Im Zentrum der Aufmerksamkeit, jedenfalls von Ruprecht, steht ein Stillleben in Öl, "Taube und Wildente", das zu der von Marjories Großvater angelegten Kunstsammlung gehört. Das Bild des eher unbedeutenden Malers Otto Scholderer erregt Ruprechts besondere Aufmerksamkeit. Er verliebt sich in die Grautöne, in die materielle Schwere der toten Tierkörper und in die Licht- und Schattenverhältnisse. Doch Marjorie will ausgerechnet "Taube und Wildente" verkaufen, um die notwendige Dachreparatur bezahlen zu können. Das Bild wird zum Spielball und zum Einsatz in dieser Eheentfremdung, so dass Ruprecht beschließt, es selbst zu kaufen – mit Geld, das als Förderung für ein Verlagsprojekt eingeworben worden war.

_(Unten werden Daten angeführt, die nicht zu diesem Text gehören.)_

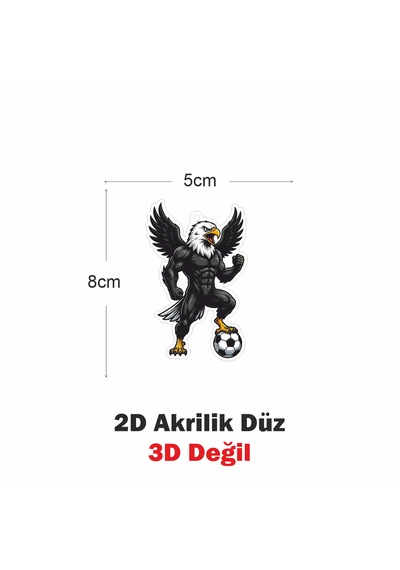 Araba Ayna Süsü, Araba Süsü, Çanta Aksesuarı - Kartal - Pleksi Malzeme, Uv Baskılı - 044 8x6 Cm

Mosebach schreibt gewissermaßen mit Einstecktüchlein und manikürten Fingernägeln
Die eigentliche Tragödie dieser Figuren ereignet sich aber nicht auf der Handlungsebene, auch wenn diese kleine, reiche Welt am Ende in Wasser und Feuer mit großem Getöse zu Grunde geht. Die Tragödie besteht vielmehr darin, dass jedes Bemühen um Distinktion vergeblich ist.
Alles, was Ruprecht, Marjorie und ihre Gäste tun, um sich einen kulturvollen Raum zu schaffen, ist längst spießig geworden: das Reisen und der Aufenthalt im Mittelmeerraum – Mosebachs bevorzugter literarischer Region – sowieso, aber auch das Verlegen hochgeistiger Marginalia und das Sammeln von Kunst. Letzteres ist entweiht dadurch, dass es eher einer Aktienanlage gleicht, als dass es etwas mit Ästhetik und Geschmack zu tun hätte. Weil alle Distinguiertheitsmerkmale zum Massenphänomen herabgesunken sind, bleibt nur noch die Ausflucht in Skurrilitäten.
Das Bedauern über den Verlust von Schönheit prägt Mosebachs Stil. Er schreibt gewissermaßen mit Einstecktüchlein und manikürten Fingernägeln. "Beträchtlich" ist eines der Worte, die er bevorzugt. Ob Wertzuwachs, Altersunterschied, Prestige oder Distanzen – alles ist so "beträchtlich" wie diese Prosa selbst. Mosebachs stets auf Vornehmheit bedachten Sätze leuchten wie der Samtbeschlag an der Wand, den Ruprecht anbringen lässt, um "Taube und Wildente" besser zur Geltung zu bringen.
Große Kunst - oder großer Kitsch?
Die Spannung dieser Prosa liegt in der Sprache selbst, weil nicht zu unterscheiden ist, ob Mosebach das wirklich so meint, oder ob er damit seine Figuren kennzeichnet, ob der Ekel, den er damit hervorruft, beabsichtigt oder unfreiwillig ist. Stil und Inhalt entsprechen sich vollständig. Die Dekadenz ist diesem Stil ebenso eingeschrieben wie die emotionale Distanz, an der noch die größten Gemeinheiten und Katastrophenszenarien abperlen. Es geht den Protagonisten und mit ihnen Martin Mosebach um "Haltung", und so ist es schon der Gipfel der Gefühlsausbrüche, wenn Marjorie am Ende, als sie dann doch noch einmal, allerdings ohne ihn zu berühren, neben Ruprecht liegt und meint, ein Lächeln bei ihm identifiziert zu haben.
Man kann das für große Kunst oder für großen Kitsch halten. Reizlos ist es nicht – genau wie "Taube und Wildente" von Otto Scholderer.